Bash – Why does uniq think あい and いあ are the same

bashsortuniq

I'm trying to find duplicates in files, by using:

sort myfile | uniq -d

I noticed that uniq seems to dislike Japanese characters for some reason. For example, if I have a file:

あい
いあ

Then

sort myfile | uniq -d 

Prints

あい

Why is this? Some kind of locale problem?

Edit: this question was marked as a duplicate. While the underlying problem (strcoll) is the same, this question is fundamentally different.
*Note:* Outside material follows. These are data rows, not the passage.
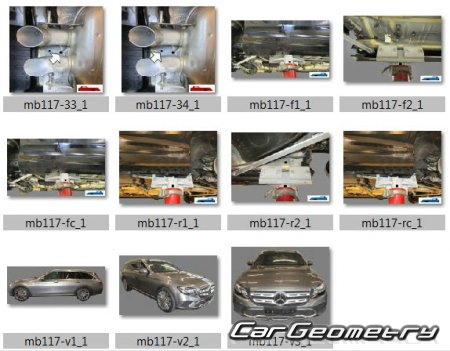 Mercedes E-Class Estate (S213) 20162023 Body dimensions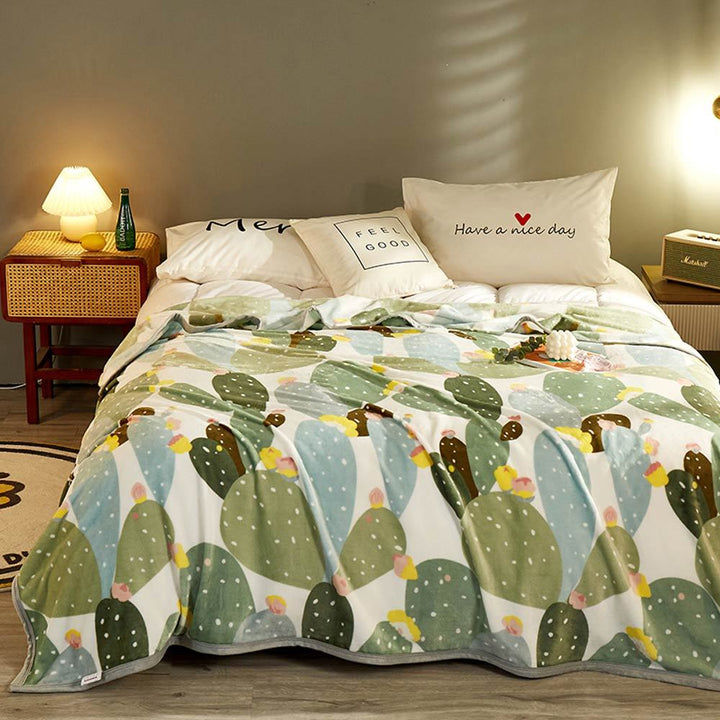 Couverture en flanelle d'automne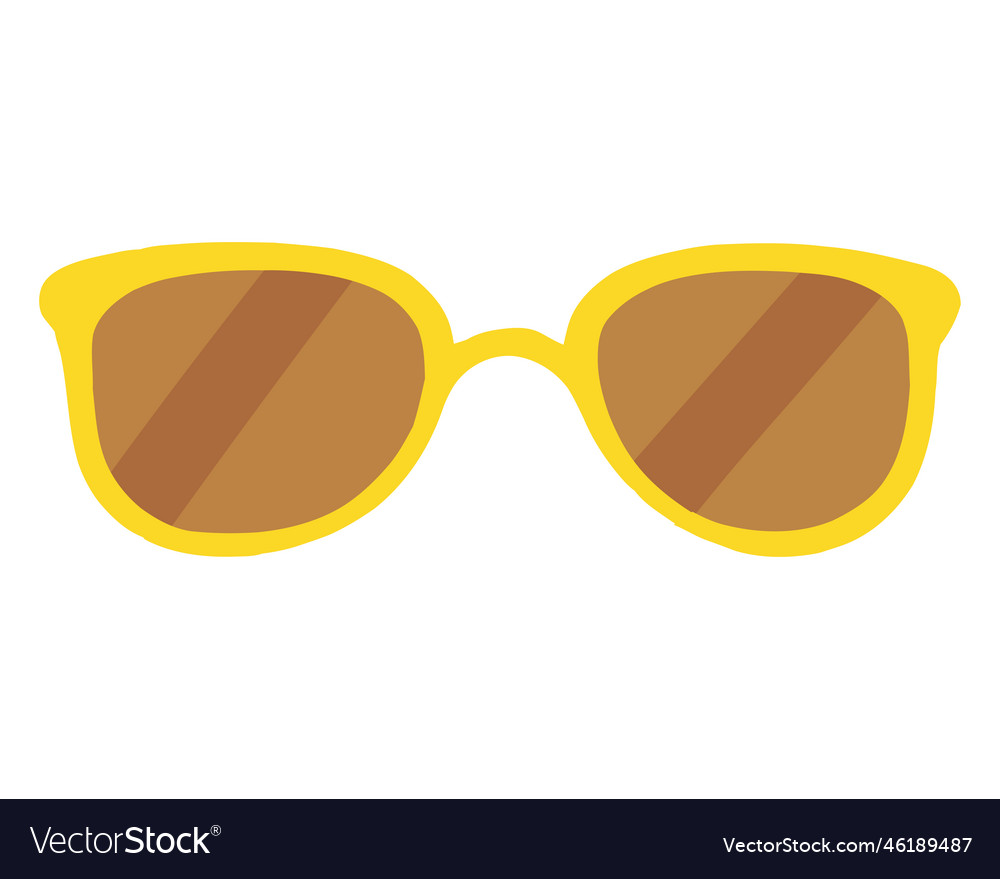 Summer yellow sunglasses Royalty Free Vector Image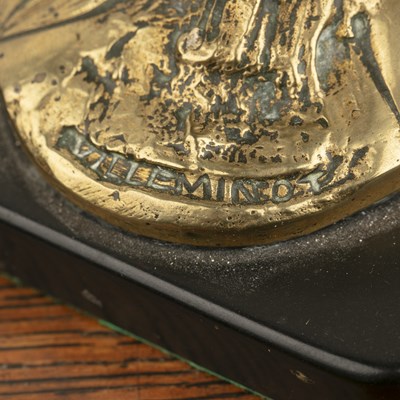 Lot 1 - After Louis Villeminot (1826-c1914) small gilt...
Also, the accepted answer to that question isn't the same as the answer to this question, which is to change locale to C.

Best Answer

Yes, if the locale is en_US.utf8 (as one example), both strings seem equal:

$ printf "%s\n" "いあ" "あい" "いあ" "あい"
いあ
あい
いあ
あい

$ LC_COLLATE=en_US.utf8 bash -c '
    printf "%s\n" "いあ" "あい" "いあ" "あい" |
    sort | 
    uniq '
いあ

If, however, the language is changed to ja_JP, all seems to work correctly:

$ LC_COLLATE=ja_JP.utf8 bash -c '
    printf "%s\n" "いあ" "あい" "いあ" "あい" | 
    sort | 
    uniq '
あい
いあ

It is interesting to note that (in this case) a C locale also work:

$ LC_COLLATE=C bash -c '
    printf "%s\n" "いあ" "あい" "いあ" "あい" |
    sort |
    uniq '
あい
いあ

That only goes to show that en_US is missing the collate order for some code points.